Roasted Vegetable & Kale Soup

This is one of my favourite recipes from Elsa at Simply Recipes. Especially because kale is so healthy for you, not to mention always inexpensive, and yet challenging to find ways to incorporate it into one's diet easily (and tastily). Something with the process of cooking the greens in the squash, tomato, onion, garlic and broth base really helps to extract the bitterness from the kale. And it smells up your apartment something delicious.

Roasted Vegetable & Kale Soup
from SimplyRecipes.com and ever-so-slightly adapted

1/2 lb of white beans, soaked overnight
1 tsp. baking soda
4 cups water

4 - 6 cloves of garlic
1 onion, chopped
2 large tomatoes (if there are no ripe tomatoes at the supermarket, definitely swap them for a can of whole tomatoes -- add them after roasting the vegetables, before pureeing)
1/2 butternut squash, cut into 1" pieces
3 carrots, chopped
Olive oil

4 - 6 cups vegetable broth
1 bunch kale, rinsed and chopped into 1" pieces
1 bay leaf
2 - 3 sprigs fresh thyme
salt
pepper

In a large pot, soak beans overnight. Drain and rinse, then cook beans with water and baking soda for about one hour.

Preheat oven to 400. In a bowl, combine garlic, onions, tomatoes (if roasting; if using canned, add before puréeing), and half the chopped squash and carrots. Toss with 1 tbsp olive oil. Arrange on a baking sheet. Toss the remaining squash and carrot in a teaspoon or two of olive oil and arrange next to the other vegetables on a baking sheet. (The reason for doing this is you'll purée the onion/garlic mixture but want to reserve some carrots and squash for the soup. It saves picking out pieces with tongs later on. Been there, done that.)

Roast the vegetables for about 45 minutes, checking halfway through to toss if necessary.

When vegetables have roasted, bring vegetable broth to a simmer on the stove (a good time to add canned tomatoes and their liquid, if using). Add the garlic/onion/carrot/squash mixture to the broth and simmer for a minute or two. Using a handheld immersion blender, blend the soup, or allow to cool for a minute or two and blend in a blender in small batches. Return to the pot and bring back to a simmer.

Add the kale, bay leaf and thyme, and bring soup to a boil, then reduce to a simmer and cook for 45 minutes.

Add the beans and their cooking liquid (there should not be much) and the carrot and squash. Cook for an additional few minutes and adjust salt and pepper as desired.

Thursday, December 9, 2010

Goulash Soup

It's been a while since I've posted, but that's because a few exciting changes have happened since I blogged last. I was offered a job at an agency in Boston and moved up here last week! But now, my kitchen stuff is unpacked, I'm settled into my new job, and figuring my way around my new kitchen.

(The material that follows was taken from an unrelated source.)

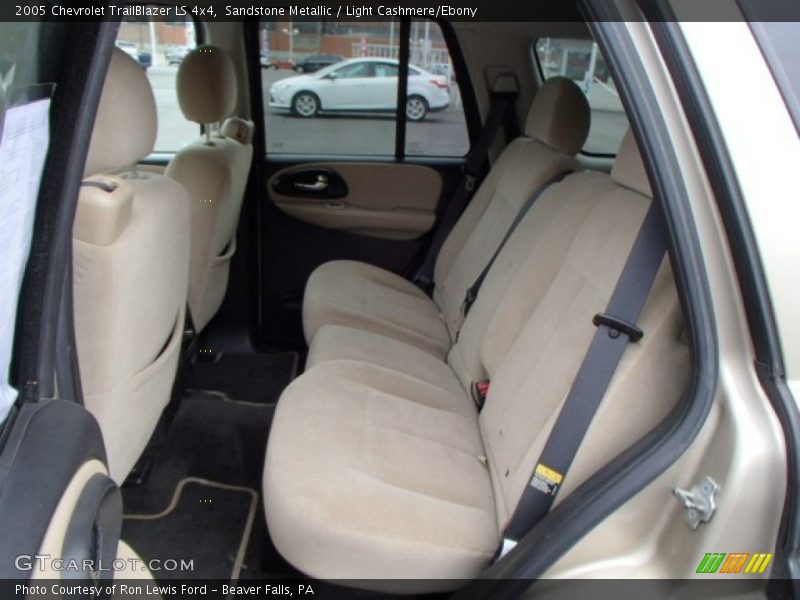 Rear Seat of 2005 TrailBlazer LS 4x4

So my days of freelancing and idling around my apartment cooking up tasty treats have come to close, but now that I'm adjusting to life entirely on my own (it's the first time I've ever lived in an apartment by myself), I think there will be lots of alone time for cooking and experimenting in the kitchen.

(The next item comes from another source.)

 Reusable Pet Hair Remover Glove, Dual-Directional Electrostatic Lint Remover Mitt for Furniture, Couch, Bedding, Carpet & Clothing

Since it's been seriously cold outside (27 degrees today when I checked around 4pm), I've been wanting to christen the stove by cooking up a big pot of soup. So, I put on this Scion sampler I've had lying around for a few years (found it in the trash at my last full time job) and got to work preparing one of my favourite stand-by recipes, Hungarian Goulash soup.

I think this recipe originally came from watching a Food Network episode years and years ago where they'd visit some expert and get her family recipe. Since there are about as many versions of Goulash Soup as there are Hungarians, it should come with the disclaimer that I'm not Hungarian. In fact, I have scrawled in an old journal the goulash soup recipe told to me by our Hungarian family friend, Dodie, but I've actually never tried to prepare her version. Here's mine.

Goulash Soup

1 tsp olive oil
1 onion, finely chopped
1 tbsp Hungarian sweet paprika
1 tbsp butter
flour, for dredging beef
1 lb. beef stew meat, cut into 1" pieces
pinch of caraway seeds
1 carrot, diced (optional, I threw this in tonight because I had some carrots on hand)
1 potato, diced
1 Italian bell pepper, diced
4 - 6 cups beef stock
1 bay leaf
1 tbsp tomato paste

Cut beef into 1" pieces and dredge lightly in flour.

In a soup pot, heat olive oil over medium heat. Sauté onion until translucent, then add paprika. Cook paprika for a few minutes, adding butter, until paprika is well incorporated into onions.

Add beef, followed by caraway seeds, and brown the meat on medium heat for about 5 minutes.

Add carrot, potato, and bell pepper, followed by the beef stock, bay leaf and tomato paste.

Simmer for at least an hour, preferably 2, over low heat. The lower the heat and the longer you can cook, the more tender the meat.